An exact copy of the data is needed, but without any of its images.
------
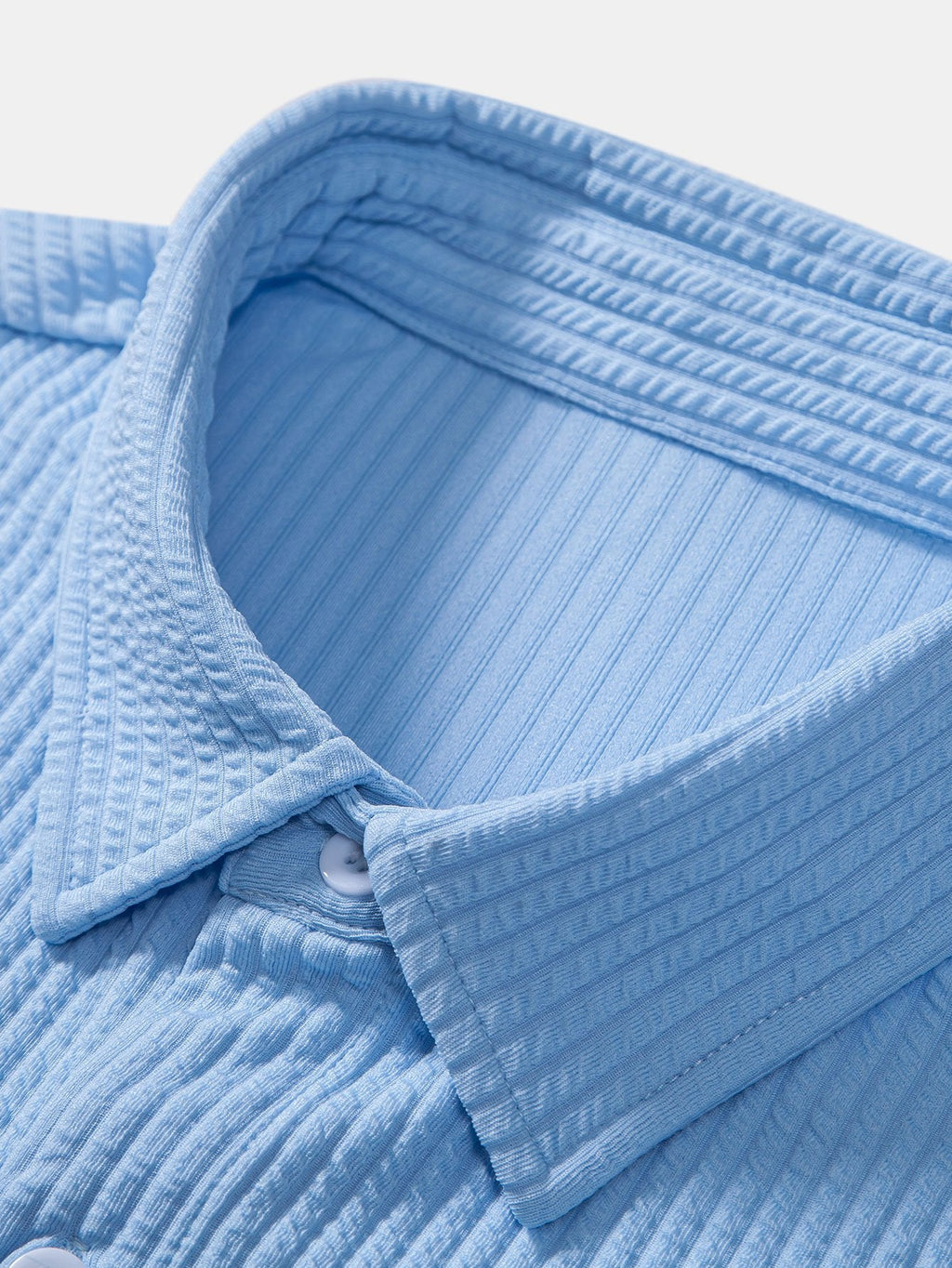 Detalle de camisa Milano azul claro: tejido texturizado y costuras del cuello.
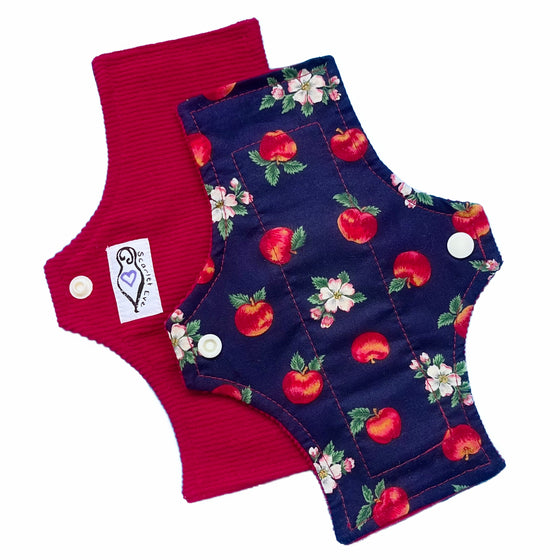 Two resusable panty liners against a white background. The pad on top is made from navy blue cotton fabric with a red apples and white flowers pattern. The Pad underneath is made from dark red corduroy and has a white 'Scarlet Eve' label.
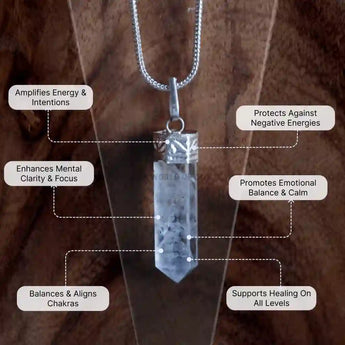 Crystal pendant necklace with labeled benefits on a wooden background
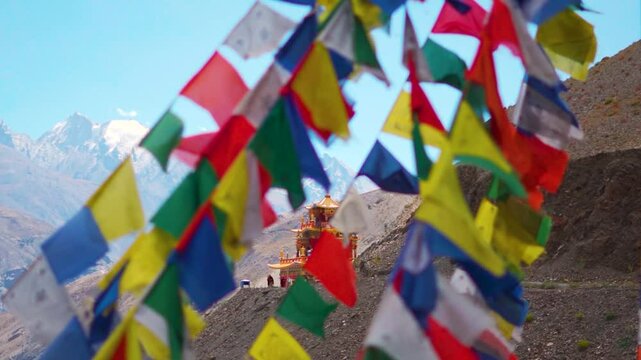 Closeup shot of Gue Monastery with defocused prayer flags waving in front of it as seen on the way towards Spiti Valley in Himachal Pradesh, India. Selective focus on the Gompa behind the prayer flags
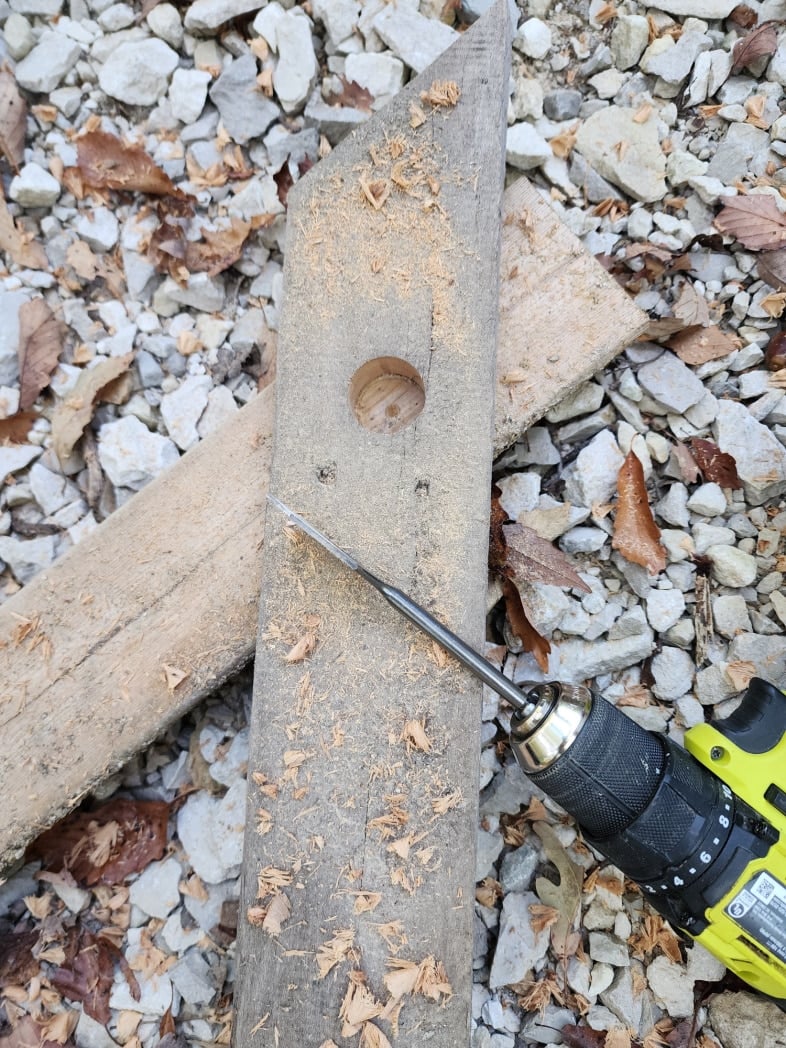 deck board with a hole and a paddle bit on a drill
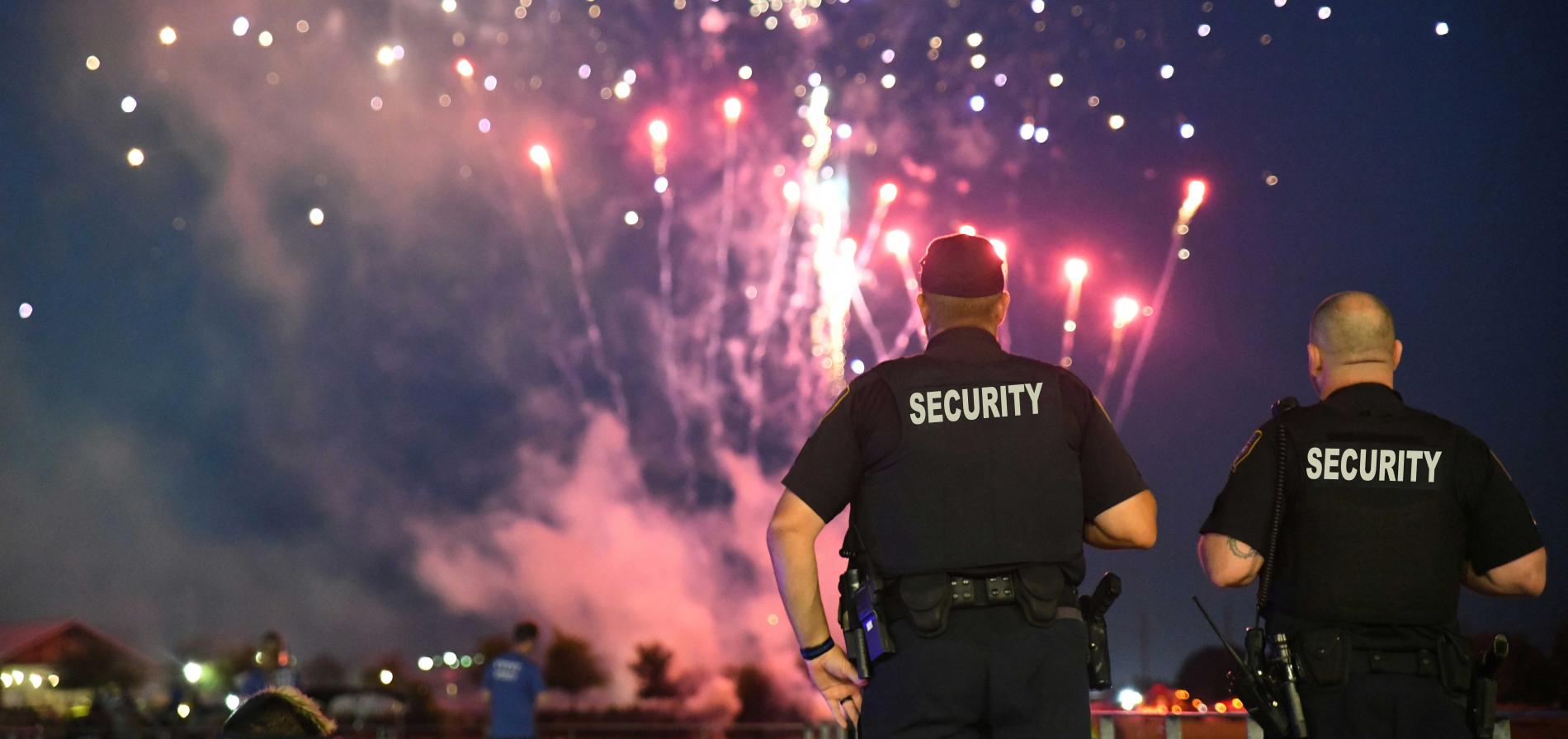 two security officers keeping watch with fireworks in the background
------
• Answer to the exercise
 Detalle de camisa Milano azul claro: tejido texturizado y costuras del cuello.
 Two resusable panty liners against a white background. The pad on top is made from navy blue cotton fabric with a red apples and white flowers pattern. The Pad underneath is made from dark red corduroy and has a white 'Scarlet Eve' label.
 Crystal pendant necklace with labeled benefits on a wooden background
 Closeup shot of Gue Monastery with defocused prayer flags waving in front of it as seen on the way towards Spiti Valley in Himachal Pradesh, India. Selective focus on the Gompa behind the prayer flags
 deck board with a hole and a paddle bit on a drill
 two security officers keeping watch with fireworks in the background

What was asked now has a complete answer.